2024-11-11-ai挑战2025之二ai搜索颠覆google搜索的也许是安卓自己-1grejj-1771992492154-3906.png

Even, as shown in the flow chart also generated by Claude, the final feedback given to AI search could be from an AI agent, not necessarily a human.

This naturally places higher demands on the model's "intelligence level."

But, assuming model capabilities reach that point (I believe they will gradually do so in the next two to three years), there might be two typical scenarios:

One comes from mobile phones or other devices like PCs, where local data on user behavioral preferences—what Apple AI calls "context"—already exists. This includes lists of websites and apps we daily use for information (including usernames, passwords, or login tokens, saved locally, just as we manually open an app or visit a website to log in automatically). It performs targeted retrieval from specific sources and combines it with local data to complete the entire process from "search to production." It can help us complete many scenario-based tasks; simply put, if there is an upcoming travel itinerary, it wouldn't just be about booking tickets, but providing item lists based on weather, transportation planning, suggestions for food and lodging, sightseeing plans, and so on. It is an agent, but even more so, AI search. I have full confidence this scenario will be realized next year; we just need a trustworthy carrier (while mobile phones aren't perfectly secure, they might be one of the safest among unsafe options).
The other is for daily work and production scenarios. This involves large amounts of local vertical-domain data, or knowledge bases. AI search still retrieves data from specific sources after analyzing local knowledge base data and then combines it with local data to complete work tasks. Is this RAG? Maybe, but more likely not (the RAG issue is quite complex; simply put, from a human perspective it seems necessary, but from the model's perspective it is not, which can be discussed separately later). It seems both ChatGPT and Perplexity are working in this direction: each search actually visits relatively fixed source websites. Currently, search and user data upload functions cannot coexist in one dialogue, but technically this is easy to implement. Then, perhaps, it will support batch user data uploads (like ChatGPT's association with OneDrive, Google Drive, and other cloud storage accounts), and finally, achieve the tasks mentioned above.
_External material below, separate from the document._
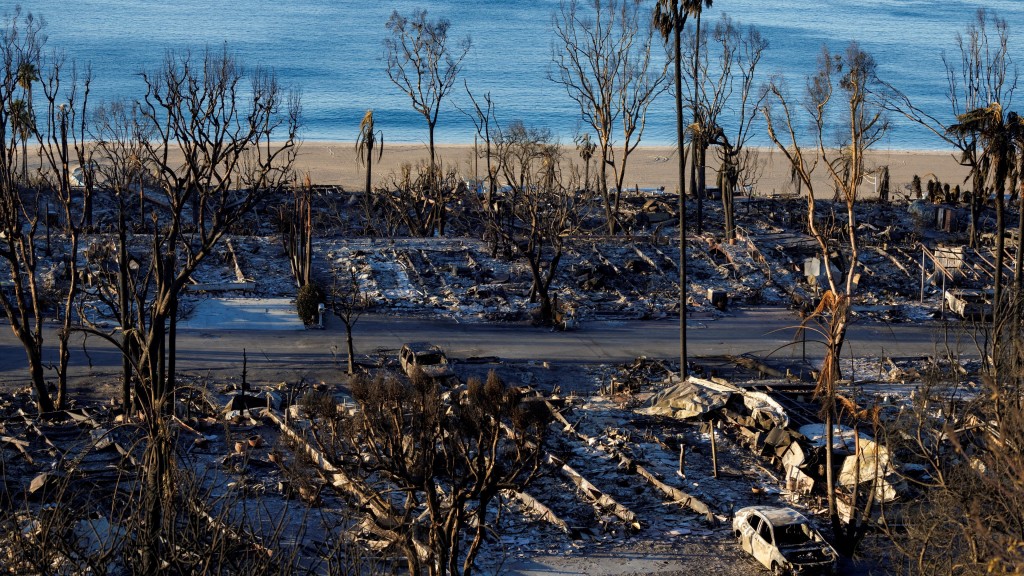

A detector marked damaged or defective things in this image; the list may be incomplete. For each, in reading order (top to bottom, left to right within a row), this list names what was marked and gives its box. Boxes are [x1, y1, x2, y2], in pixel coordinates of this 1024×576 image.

burned car [397, 340, 454, 381]
burned car [733, 504, 835, 569]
In my view, Scenario 1 (software-hardware integration for consumers) is more realistic. Scenario 2 (B2B) certainly has strong business needs, but the key to Scenario 2 lies in the organization of local data or knowledge bases. Anyone capable of doing this well likely has the ability to deploy better open-source models and agents locally.

So, isn't Scenario 1 exactly the Apple Intelligence that Apple keeps marketing? Apple's own model might not be good enough yet, but after integrating ChatGPT, there should be more opportunities to realize Scenario 1.
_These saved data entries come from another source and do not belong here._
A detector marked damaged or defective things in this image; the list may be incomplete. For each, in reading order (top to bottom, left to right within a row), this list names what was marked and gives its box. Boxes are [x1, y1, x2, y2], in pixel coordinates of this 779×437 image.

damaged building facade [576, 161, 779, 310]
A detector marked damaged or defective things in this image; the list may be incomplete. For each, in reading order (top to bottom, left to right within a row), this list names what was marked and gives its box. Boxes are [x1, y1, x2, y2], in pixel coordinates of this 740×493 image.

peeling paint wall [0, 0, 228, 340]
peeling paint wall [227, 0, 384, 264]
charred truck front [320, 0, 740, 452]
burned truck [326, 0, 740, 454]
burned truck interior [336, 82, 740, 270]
Similarly, Google is also rapidly transforming the Android system around Gemini. Whether from the perspective of models or data, Google is naturally stronger, but Samsung is also racing down the path of being a "clumsy teammate" (not that Samsung is dragging its feet, but I believe in the AI era, there can only be one center stage for software-hardware integration, and Samsung will not be content just being a hardware manufacturer).

Returning to the point, assuming Google isn't held back, in Scenario 1, search might be everywhere, yet no longer in the form we are used to—opening a search box, entering keywords, and getting a list back.

In the end, it might be Google's own Android + Gemini, along with Apple, that disrupts Google Search.

Switching from charging for search-loaded ads to charging for user services is a very smooth logic, and the financial reports of both companies are constantly reinforcing this logic.

However, this remains a matter of speed. If ChatGPT's features advance quickly enough for users to be willing to "give up private data" again for functionality, it could become the disruptor.

But what if ChatGPT isn't fast enough?

Thinking about it now, no wonder OpenAI deliberately chooses to "pre-emptively release models" every time before Google launches a product. It wants to be fast.